Using On-Premise SQL Data Warehouse Data for OLTP applications

Posted on

Question :

Quick Information: Our EDW group has created On-Premise SQL Data Warehouse by collecting information from several systems. These SQL DW databases are made up of:

  • SQL Version: SQL Server 2016 (SP2)
  • Partitioned by: Year
  • Total Database Size: 10TB
  • For HA: Utilizing Always On (1-Primary & 1-Secondary)
  • Environment: VMWare
  • Change Tracking Enable on Couples of tables under EDW

EDW developers have created Views and StoredProcedures for end user (i.e. BI Analytics, Application…) to consume the data, this way, whatever changes or modification EDW group is doing to underlying objects on their end is not directly affecting end user. Application Developer (i.e. OLTP App) group who are consuming these Views/Storedprocedures, so they are not allowed to make changes to these EDW objects nor are allow to create adh-hoc queries from OLTP application, as it is also very critical for EDW group to get their load times done under certain hours. We are looking at these Views and Stored procedures, to see if we can tune them for performance.

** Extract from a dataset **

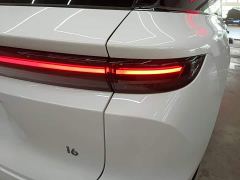 Li Auto i6 Four-Wheel Drive Standard Edition - ფოტო 7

So far whatever I have read online I see that, it is not a good practice to utilized EDW for OLTP load as, OLTP application are chatty and they mostly need is recent data and not so much of historical data.

Question: What are your all suggestions on, how can we utilize our current EDW data for these OLTP applications, so that, we are not sacrificing Load Times for Performance and vice-versa?

Answer :

Can you have your cake and eat it, too?


But there are some things you can do. I’ve worked with this EHR software called Nextgen. It has an OLTP database that never deletes/archives any data, so it’s also the data warehouse.

Short story: it sucks.

less-short story: You can keep things kinda-not-slow if you cluster every table by some kind of date, so the most recent data is on top.

You also have to pay attention to DUI’s, making sure they don’t lock tables for too long at a time. I would sometimes resort to cursors, which made the overall duration of the DUI longer, but reduced the time of each individual lock.

I also avoided triggers, using jobs running every 5-15 minutes instead, whenever possible.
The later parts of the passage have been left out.